Marcel Conche : la disparition d’un grand philosophe, hors normes
Marcel Conche vient de disparaître, tout près de ses cent ans. On perd avec lui un intellectuel hors normes, ayant mélangé des genres qui ne vont pas toujours ensemble. Historien de la philosophie d’abord, à la Sorbonne en particulier, spécialiste de la philosophie matérialiste antique (sans être lui-même vraiment matérialiste), en particulier d’Héraclite dont l’édition fait autorité, mais aussi d’Epicure et, enfin, il est celui qui a intronisé Montaigne comme philosophe dans Montaigne ou la conscience heureuse alors qu’il n’était considéré jusque là que comme écrivain.

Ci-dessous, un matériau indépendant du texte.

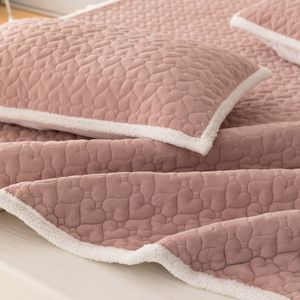 Winter Fluffy Bed Matratze Protector Cover Solid Patchwork Flanell Fleece Geste ppte Matratzen schoner Warme Matratzen auflagen & Topers - Product Image 5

Mais tout autant, ce qui n’est pas fréquent, il aura été un authentique philosophe dont l’expression était d’une clarté absolue, contrairement à des philosophes à la mode qui versent dans un jargon sophistiqué pour masquer le vide de leur inspiration. C’est ainsi qu’il aura élaboré une philosophie naturaliste étonnante en elle-même et par sa conséquence : il y n’a pour lui qu’un seule réalité, la Nature (avec une majuscule) à la fois infinie, éternelle et, bien entendu incréée, que l’on peut connaître indéfiniment par la science mais jamais totalement. Or ce qui est précieux dans cette position, contraire à bien des idéalismes philosophiques, c’est qu’elle débouche sur athéisme radical, doublement original : par ses motifs en particulier, dont la souffrance des enfants qui lui interdit de croire en un quelconque Dieu créateur ; mais aussi parce que cette notion lui paraît incompréhensible : qu’est ce qu’un absolu qui est nécessairement limité par le monde qu’il a créé. Et il y a aussi le statut intellectuel qu’il lui confère : il en est certain, mais il ne peut le prouver objectivement ! D’où l’idée qu’il s’agit d’une option métaphysique indécidable, ce qui lui impose, au-delà de son « dogmatisme » subjectif, de pratiquer ce qu’il a appelé un « scepticisme à l’égard d’autrui » qui l’entraîne au dialogue avec l’autre et au respect de sa croyance. Pourtant, il n’aura pas été matérialiste, ce à quoi son naturalisme aurait dû l’amener : l’homme a un esprits qui est une réalité spécifique et il est libre. Deux éléments qui méritaient qu’on discute avec lui, ce dont je ne me suis pas privé. A quoi j’ajouterai personnellement sa réflexion sur la mort, inévitable et définitive : elle lui permet de distinguer une « solitude essentielle » face à celle-ci, à laquelle seule une « sagesse tragique » peut nous aider pour y faire face, et une « solitude accidentelle » liée à la mort d‘un proche et qui aurait pu ne pas arriver : la souffrance ici est difficilement guérissable. Belle réflexion !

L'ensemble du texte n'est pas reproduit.